После Полтавы Петр раздает награды: графа Гавриила Ивановича Головкина он возвел в канцлеры, Петра Павловича Шафирова – в вице-канцлеры, Репнину, Брюсу и другим генералам пожаловал орден Андрея Первозванного, генерал-лейтенантам Голицыну и Боуру – деревни. Многие генералы и офицеры получили повышение в чинах. Но все эти награды не шли ни в какое сравнение с тем, как были отмечены заслуги Меншикова. Светлейшего царь пожаловал чином второго фельдмаршала (первым был Шереметев), а также городами Почеп и Ямполь. И без того уже огромные владения князя увеличились на 43 362 души мужского пола. По числу крепостных он стал вторым после царя душевладельцем России.

Справедливости ради должно отметить, что все самые яркие страницы истории Северной войны в предполтавский и полтавский периоды написаны при активнейшем участии Меншикова: Шлиссельбург, Нарва, Калиш, Батурин, Полтава, Переволочна. Никого из соратников Петра нельзя поставить на одну доску со светлейшим по вкладу, лично внесенному в разгром шведов.

«Преславная виктория» под Полтавой коренным образом изменила внешнеполитическое положение России, и Петр отправляется в Европу пожинать плоды русской дипломатии. Меншикова он отправляет в Польшу против войск Станислава Лещинского и шведского генерала Крассау. Однако шведы сами поспешно удалились в Померанию, а Станислав Лещинский, лишившийся их поддержки, бежал из Польши. Князь доносил Петру 29 сентября: «Понеже пишет к нам господин отъютант Ушаков, что неприятель ушел к Померании, настичь ево невозможно, того ради мы поход свой оставили».[176]

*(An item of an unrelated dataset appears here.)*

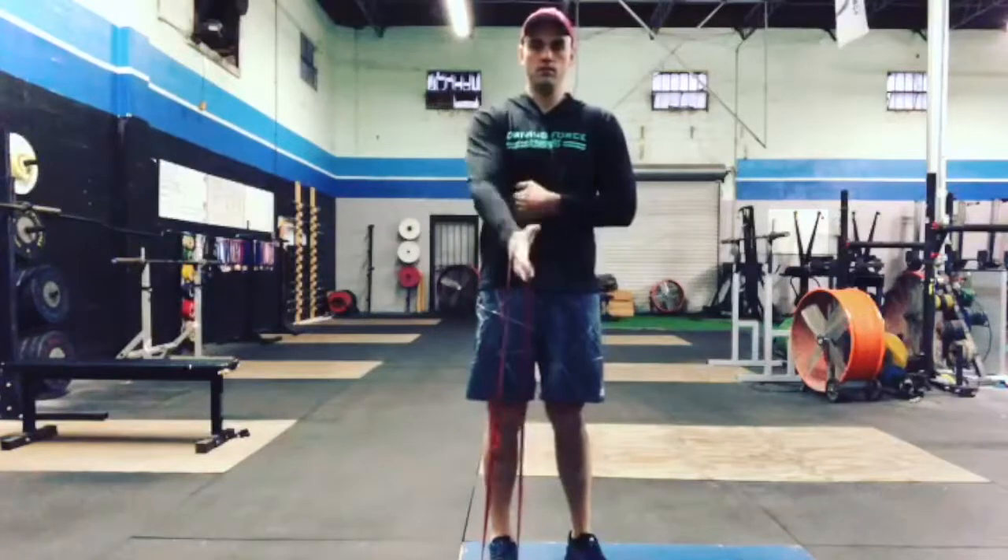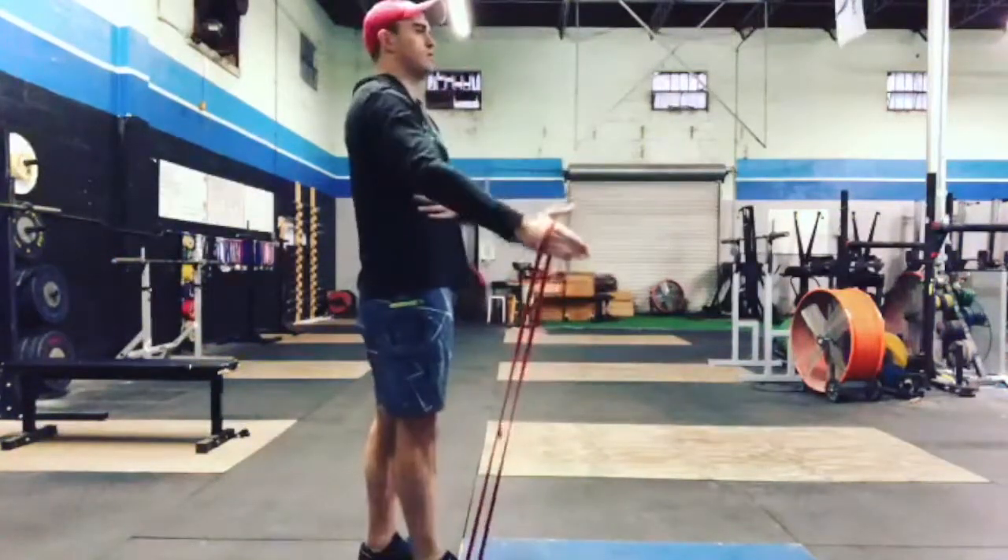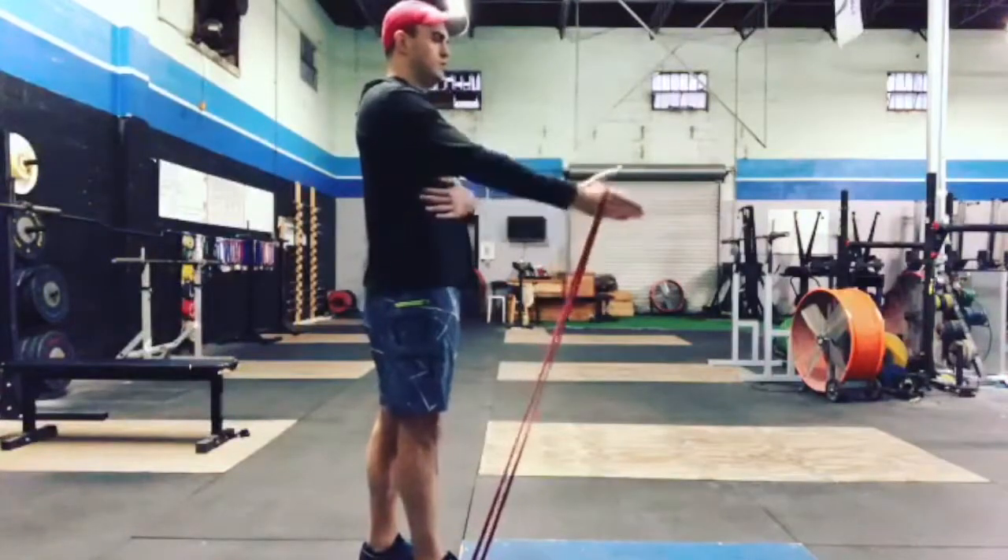If you feel burning only halfway through, you need to do this every day until it no longer burns. You're basically stimulating the glenoid labrum and getting blood flowing through the shoulder joint to help rehabilitate your shoulder.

Распорядившись о расквартировании войск в Польше, Меншиков отправляется в Москву для участия в грандиозном параде победителей. Его свидетелями москвичи стали 19 декабря 1709 года. В параде участвовал и Меншиков. Значение его подчеркивалось тем, что он ехал верхом на коне чуть сзади Петра. На следующий день была разыграна сцена доклада князю-кесарю Ромодановскому главных участников победоносного сражения: Петра, Меншикова, Шереметева. Александр Данилович доложил: «Божией милостию и вашего кесарского величества счастием взял я в плен ушедших с Полтавского сражения под Переволочну генерала и рижского губернатора графа Левенгаупта […] и 16 275 человек».